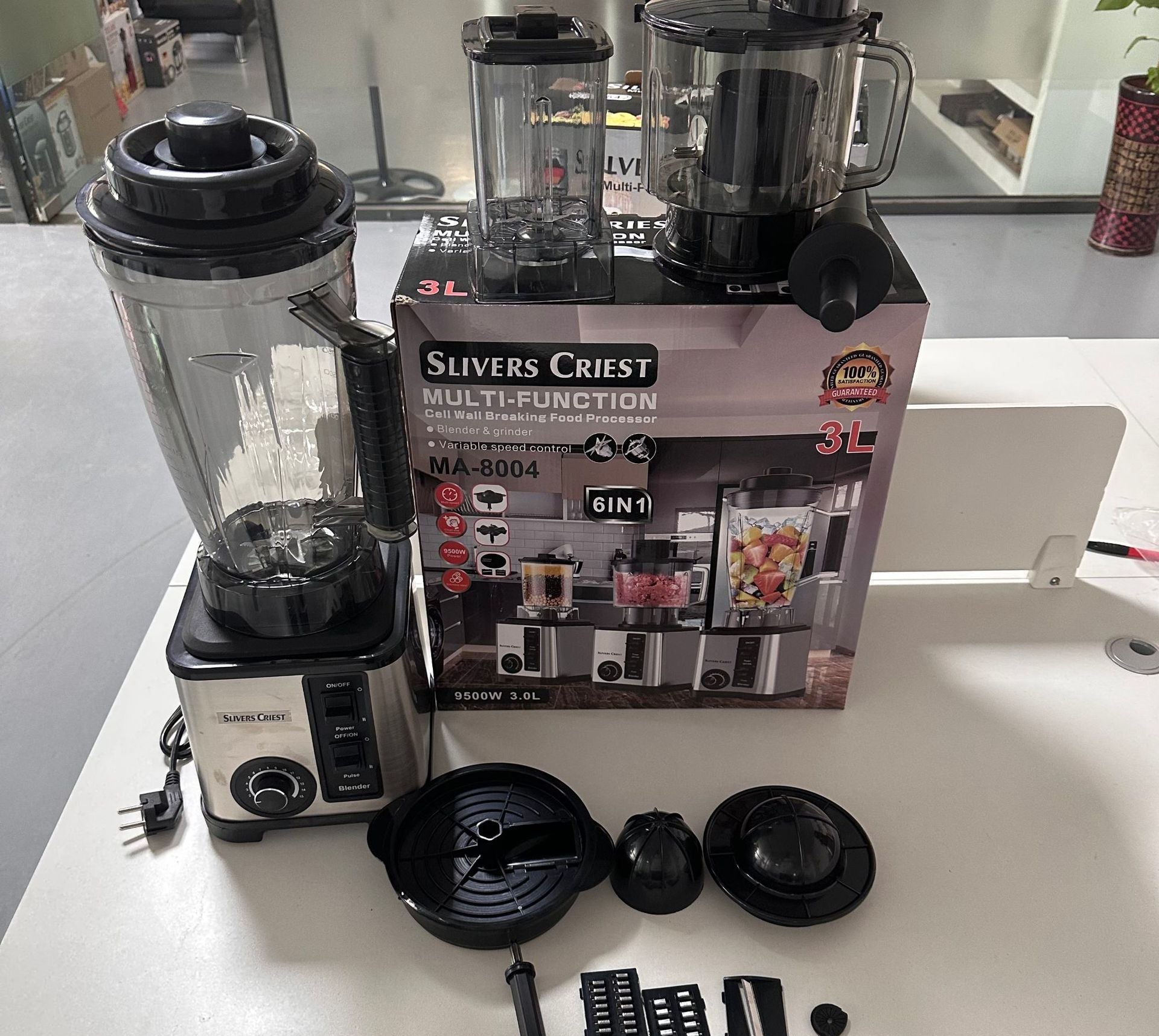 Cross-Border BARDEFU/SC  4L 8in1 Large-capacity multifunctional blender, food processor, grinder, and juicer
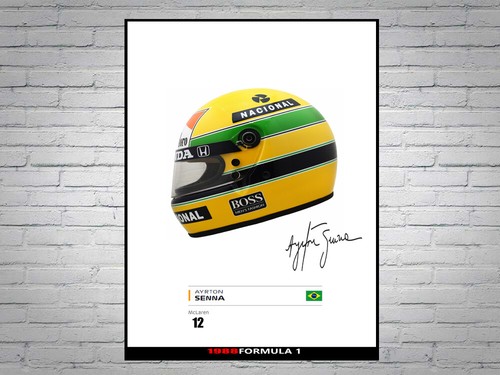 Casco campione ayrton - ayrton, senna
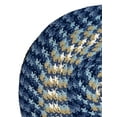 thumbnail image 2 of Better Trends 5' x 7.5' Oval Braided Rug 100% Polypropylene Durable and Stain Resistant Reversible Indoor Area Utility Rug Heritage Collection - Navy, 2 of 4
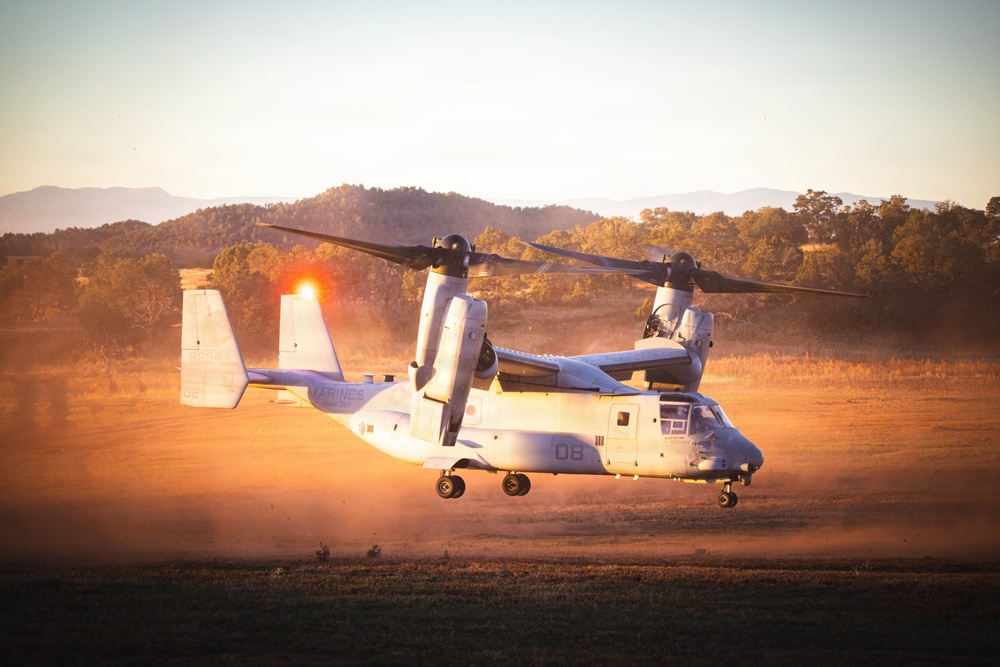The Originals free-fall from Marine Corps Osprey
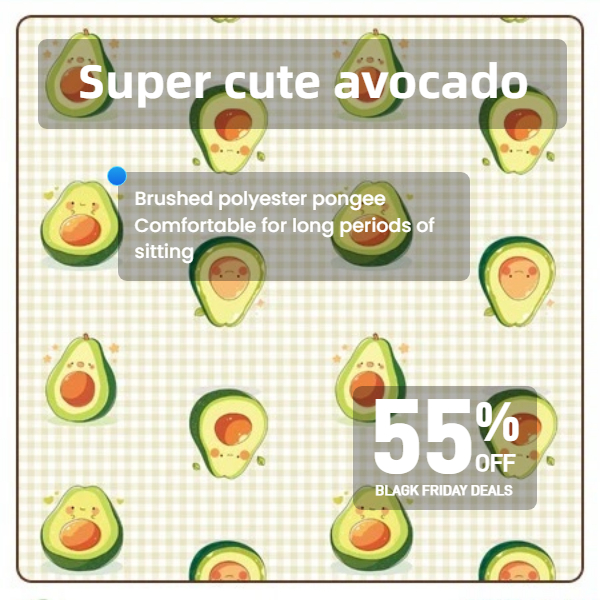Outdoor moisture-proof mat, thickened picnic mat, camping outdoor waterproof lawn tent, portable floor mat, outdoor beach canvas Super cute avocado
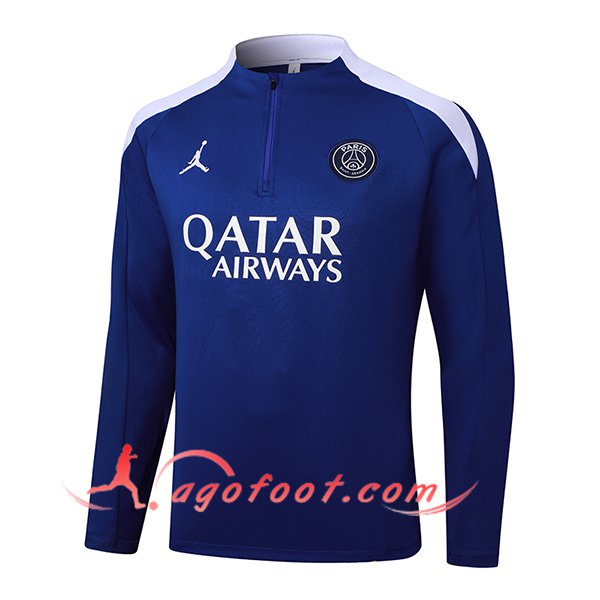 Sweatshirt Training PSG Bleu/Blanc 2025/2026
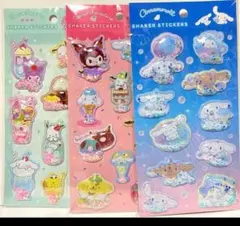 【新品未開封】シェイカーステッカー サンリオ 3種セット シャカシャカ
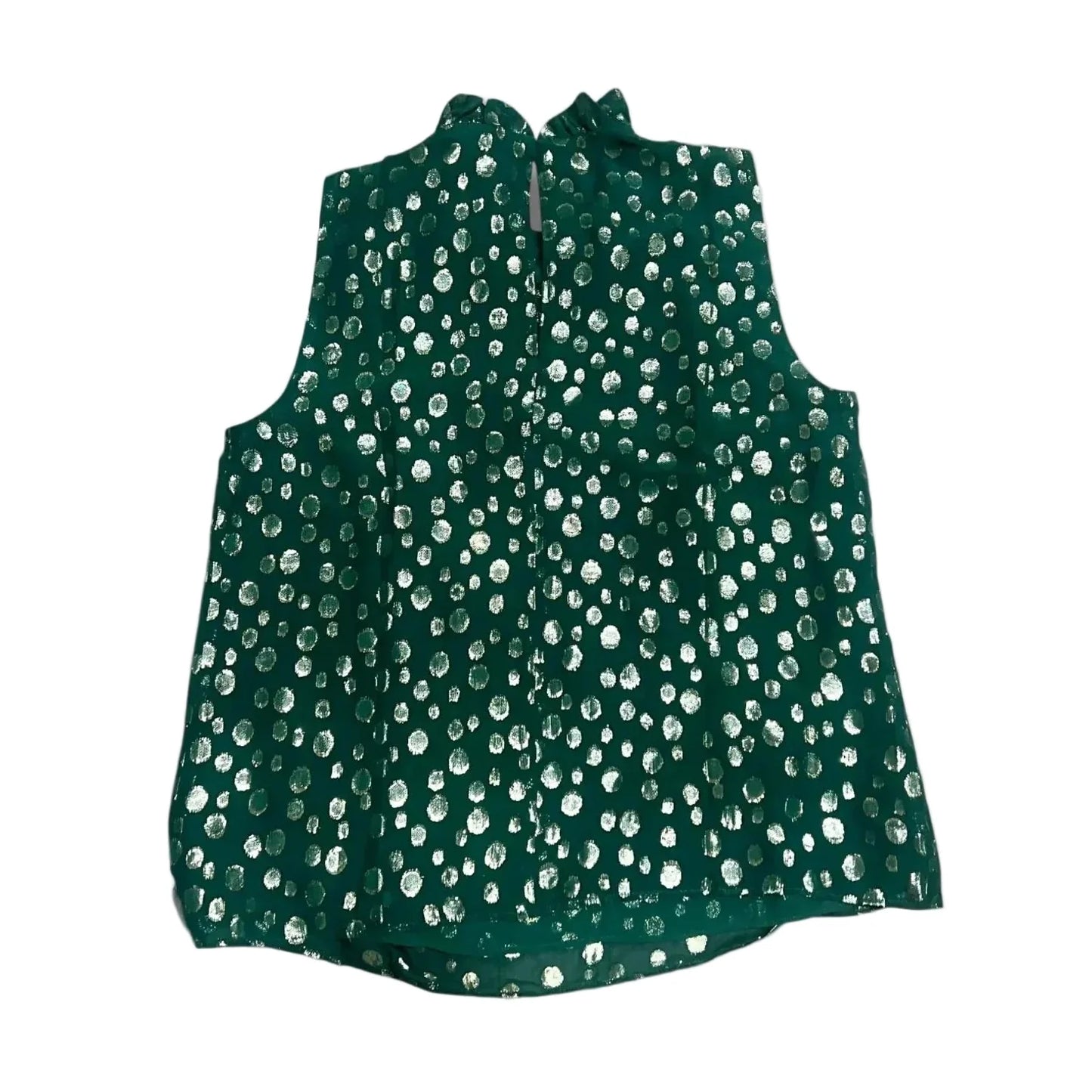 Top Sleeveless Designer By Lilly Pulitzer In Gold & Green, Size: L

* Goal of the exercise *
Every line between the one containing "サンリオ 3種セット シャカシャカ" and the last line of the data above, both included, should be copied exactly, but not the pictures.

* Finished exercise *
 【新品未開封】シェイカーステッカー サンリオ 3種セット シャカシャカ
 Top Sleeveless Designer By Lilly Pulitzer In Gold & Green, Size: L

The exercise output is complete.